Task details – Exactly reproduce the lines from the top of the entries below through the line containing "Travel France vector", with both ends included.

Source data –
____________
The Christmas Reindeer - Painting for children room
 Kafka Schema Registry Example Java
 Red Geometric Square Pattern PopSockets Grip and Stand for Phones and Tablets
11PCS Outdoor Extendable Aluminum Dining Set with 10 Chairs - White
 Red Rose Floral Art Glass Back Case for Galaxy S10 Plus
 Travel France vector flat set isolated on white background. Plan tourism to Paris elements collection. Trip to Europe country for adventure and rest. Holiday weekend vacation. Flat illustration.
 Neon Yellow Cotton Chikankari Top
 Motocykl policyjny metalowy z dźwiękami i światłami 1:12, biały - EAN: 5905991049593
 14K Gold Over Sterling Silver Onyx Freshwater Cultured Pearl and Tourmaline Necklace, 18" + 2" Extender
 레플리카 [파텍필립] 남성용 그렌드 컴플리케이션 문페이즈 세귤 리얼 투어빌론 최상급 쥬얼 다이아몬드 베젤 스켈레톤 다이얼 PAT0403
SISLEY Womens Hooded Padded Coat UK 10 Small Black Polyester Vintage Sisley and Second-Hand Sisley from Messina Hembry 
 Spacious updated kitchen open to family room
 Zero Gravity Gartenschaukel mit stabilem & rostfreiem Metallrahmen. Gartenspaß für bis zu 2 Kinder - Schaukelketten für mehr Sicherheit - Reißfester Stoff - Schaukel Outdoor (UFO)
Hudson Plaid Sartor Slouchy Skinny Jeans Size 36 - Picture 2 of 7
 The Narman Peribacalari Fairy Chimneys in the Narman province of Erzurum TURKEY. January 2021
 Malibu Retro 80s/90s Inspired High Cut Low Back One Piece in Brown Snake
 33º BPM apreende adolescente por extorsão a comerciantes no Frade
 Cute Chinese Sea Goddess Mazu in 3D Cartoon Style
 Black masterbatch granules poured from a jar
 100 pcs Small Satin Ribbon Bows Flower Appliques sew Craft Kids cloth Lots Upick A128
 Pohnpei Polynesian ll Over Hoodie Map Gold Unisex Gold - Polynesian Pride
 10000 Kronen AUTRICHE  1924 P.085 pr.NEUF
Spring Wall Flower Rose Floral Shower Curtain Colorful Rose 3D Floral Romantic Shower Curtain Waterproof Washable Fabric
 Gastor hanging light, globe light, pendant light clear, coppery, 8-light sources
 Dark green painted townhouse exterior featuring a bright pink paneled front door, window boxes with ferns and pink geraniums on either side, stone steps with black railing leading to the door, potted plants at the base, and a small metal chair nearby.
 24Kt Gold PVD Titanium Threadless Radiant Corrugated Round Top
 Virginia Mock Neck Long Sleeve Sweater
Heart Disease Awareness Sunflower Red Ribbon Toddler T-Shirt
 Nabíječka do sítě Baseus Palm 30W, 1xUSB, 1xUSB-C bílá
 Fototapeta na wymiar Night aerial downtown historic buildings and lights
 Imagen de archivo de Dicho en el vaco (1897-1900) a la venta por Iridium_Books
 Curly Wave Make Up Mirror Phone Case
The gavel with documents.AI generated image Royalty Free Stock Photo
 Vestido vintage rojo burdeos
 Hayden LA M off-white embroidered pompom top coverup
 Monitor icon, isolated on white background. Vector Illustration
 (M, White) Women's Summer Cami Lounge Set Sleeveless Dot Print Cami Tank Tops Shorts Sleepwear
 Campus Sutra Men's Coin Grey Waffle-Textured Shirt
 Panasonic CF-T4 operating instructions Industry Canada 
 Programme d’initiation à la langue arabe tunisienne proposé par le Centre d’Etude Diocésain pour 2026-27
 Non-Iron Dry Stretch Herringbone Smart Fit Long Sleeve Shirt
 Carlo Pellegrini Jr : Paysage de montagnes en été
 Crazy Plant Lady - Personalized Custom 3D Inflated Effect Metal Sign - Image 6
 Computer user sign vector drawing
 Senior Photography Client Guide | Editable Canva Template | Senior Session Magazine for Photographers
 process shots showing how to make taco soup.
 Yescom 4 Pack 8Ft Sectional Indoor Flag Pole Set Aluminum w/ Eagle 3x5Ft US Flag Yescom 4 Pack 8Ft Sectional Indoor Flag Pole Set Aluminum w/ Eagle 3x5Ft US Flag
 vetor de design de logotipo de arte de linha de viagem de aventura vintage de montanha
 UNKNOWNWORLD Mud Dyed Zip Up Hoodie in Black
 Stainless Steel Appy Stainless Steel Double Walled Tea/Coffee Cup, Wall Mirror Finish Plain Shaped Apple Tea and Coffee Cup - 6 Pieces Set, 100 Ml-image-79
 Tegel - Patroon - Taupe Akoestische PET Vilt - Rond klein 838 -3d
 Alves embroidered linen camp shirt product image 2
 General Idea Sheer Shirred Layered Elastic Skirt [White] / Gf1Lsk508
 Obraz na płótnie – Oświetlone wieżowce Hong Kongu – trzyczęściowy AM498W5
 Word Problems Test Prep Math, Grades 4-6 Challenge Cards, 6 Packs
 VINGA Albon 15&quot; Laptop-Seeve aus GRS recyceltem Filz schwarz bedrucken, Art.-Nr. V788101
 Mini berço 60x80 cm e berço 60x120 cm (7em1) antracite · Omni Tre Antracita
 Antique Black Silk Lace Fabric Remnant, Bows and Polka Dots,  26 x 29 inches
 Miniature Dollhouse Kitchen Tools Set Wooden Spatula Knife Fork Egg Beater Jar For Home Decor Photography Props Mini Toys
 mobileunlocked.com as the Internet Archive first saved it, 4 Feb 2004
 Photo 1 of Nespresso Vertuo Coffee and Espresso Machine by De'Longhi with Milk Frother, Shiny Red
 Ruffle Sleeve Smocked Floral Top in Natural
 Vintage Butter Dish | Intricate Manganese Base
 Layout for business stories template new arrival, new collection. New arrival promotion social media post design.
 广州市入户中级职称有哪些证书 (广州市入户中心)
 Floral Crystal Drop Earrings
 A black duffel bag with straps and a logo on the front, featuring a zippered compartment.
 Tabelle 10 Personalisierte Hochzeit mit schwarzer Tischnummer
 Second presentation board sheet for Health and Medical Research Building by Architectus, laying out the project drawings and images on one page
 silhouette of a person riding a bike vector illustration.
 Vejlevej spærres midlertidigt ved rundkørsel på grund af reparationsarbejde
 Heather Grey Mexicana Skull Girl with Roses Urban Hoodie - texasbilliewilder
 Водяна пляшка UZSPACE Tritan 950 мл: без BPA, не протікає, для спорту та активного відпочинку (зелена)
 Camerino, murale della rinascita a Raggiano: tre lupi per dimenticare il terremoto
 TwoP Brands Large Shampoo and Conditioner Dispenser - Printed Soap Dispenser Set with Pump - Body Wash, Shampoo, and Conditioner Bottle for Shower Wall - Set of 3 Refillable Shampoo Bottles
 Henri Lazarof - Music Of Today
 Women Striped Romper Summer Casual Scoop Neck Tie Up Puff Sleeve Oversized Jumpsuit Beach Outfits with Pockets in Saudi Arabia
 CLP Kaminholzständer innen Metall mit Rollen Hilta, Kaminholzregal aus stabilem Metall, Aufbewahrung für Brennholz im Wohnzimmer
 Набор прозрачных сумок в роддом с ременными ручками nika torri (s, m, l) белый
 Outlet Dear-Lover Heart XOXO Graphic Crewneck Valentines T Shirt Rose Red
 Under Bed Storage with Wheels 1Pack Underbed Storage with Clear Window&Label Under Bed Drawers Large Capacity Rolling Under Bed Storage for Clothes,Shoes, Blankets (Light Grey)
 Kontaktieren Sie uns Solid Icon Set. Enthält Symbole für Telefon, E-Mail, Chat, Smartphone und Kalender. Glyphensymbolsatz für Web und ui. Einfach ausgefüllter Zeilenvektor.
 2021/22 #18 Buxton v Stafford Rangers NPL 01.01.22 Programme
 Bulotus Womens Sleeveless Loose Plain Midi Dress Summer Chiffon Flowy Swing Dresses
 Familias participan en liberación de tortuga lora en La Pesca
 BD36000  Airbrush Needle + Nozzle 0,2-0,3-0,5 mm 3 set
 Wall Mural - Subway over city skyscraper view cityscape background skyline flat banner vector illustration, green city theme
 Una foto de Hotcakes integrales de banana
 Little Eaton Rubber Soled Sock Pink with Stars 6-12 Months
____________
Result below –
The Christmas Reindeer - Painting for children room
 Kafka Schema Registry Example Java
 Red Geometric Square Pattern PopSockets Grip and Stand for Phones and Tablets
11PCS Outdoor Extendable Aluminum Dining Set with 10 Chairs - White
 Red Rose Floral Art Glass Back Case for Galaxy S10 Plus
 Travel France vector flat set isolated on white background. Plan tourism to Paris elements collection. Trip to Europe country for adventure and rest. Holiday weekend vacation. Flat illustration.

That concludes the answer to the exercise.